Regional differences. Locations with many days of spikes shows the burden of concentrated smoke from wildfires, brushfires and wood-burning devices. For example, Reno, NV, suffered wildfires, and Logan, UT-ID; Eugene, OR, and Fairbanks and Anchorage, AK, rely heavily on wood burning devices for heat. Wildfires have increased, in part, from drought and heat enhanced by climate change. Inversions trap particles in place behind mountains and ridgelines. For example, inversions in the San Joaquin Valley in California and in the Wasatch Ridge in Utah contributed to high pollution days in both states.

Did You Know?

  1. More than 5 out of 10 people live where the air they breathe earned an F in State of the Air 2016.
  2. Nearly 166 million people live in counties that received an F for either ozone or particle pollution in State of the Air 2016.
  3. Nearly 20 million people live in counties that got an F for all three air pollution measures in State of the Air 2016.
  4. Breathing ozone irritates the lungs, resulting in something like a bad sunburn within the lungs.
  5. Breathing in particle pollution can increase the risk of lung cancer, according to the World Health Organization.
  6. Particle pollution can also cause early death and heart attacks, strokes and emergency room visits for people with asthma, cardiovascular disease and diabetes.
  7. Particles are smaller than 1/30th the diameter of a human hair. When you inhale them, they are small enough to get past the body's natural defenses.
  8. Ozone and particle pollution are both linked to increased risk of lower birth weight in newborns.
  9. Do you live near, or work on or near a busy highway? Pollution from the traffic may put you at greater risk of harm.
  10. People who work or exercise outside face increased risk from the effects of air pollution.

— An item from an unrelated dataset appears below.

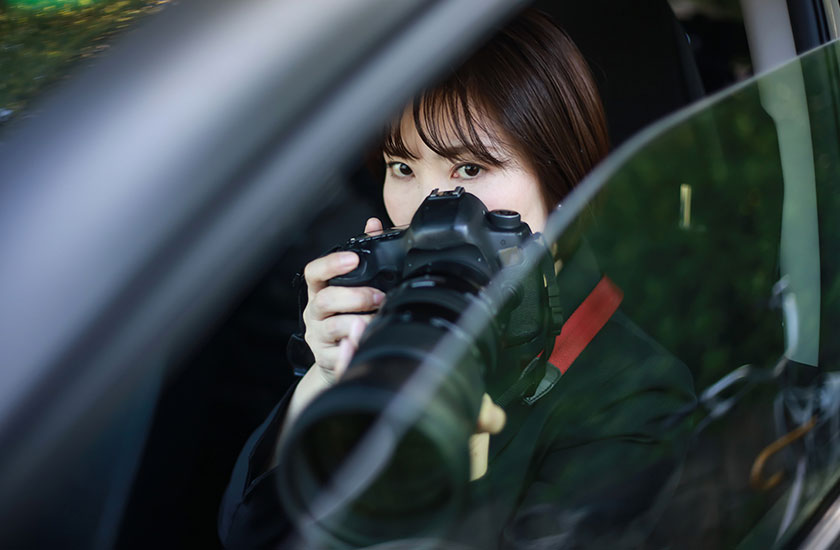浮気調査中の探偵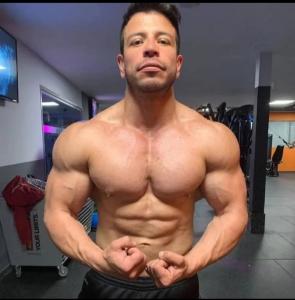 662074270: Chico busca chica en Madrid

  11. Millions of people are especially vulnerable to the effects of air pollution, including infants, older adults and people with lung diseases like asthma.
  12. People of color and those earning lower incomes are often disproportionately affected by air pollution which put them at higher risk for illnesses.
  13. Air pollution is a serious health threat. It can trigger asthma attacks, harm lung development in children, and can even be deadly.
  14. You can protect your family by checking the air quality forecasts in your community and avoiding exercising or working outdoors when the unhealthy air is expected.
  15. Big polluters and some members of Congress are trying to change the Clean Air Act and dismantle 45 years' of progress. The Lung Association is fighting to keep the law strong to continue to protect public health.
  16. Cutting air pollution through the Clean Air Act will prevent at least 230,000 deaths and save $2 trillion annually by 2020.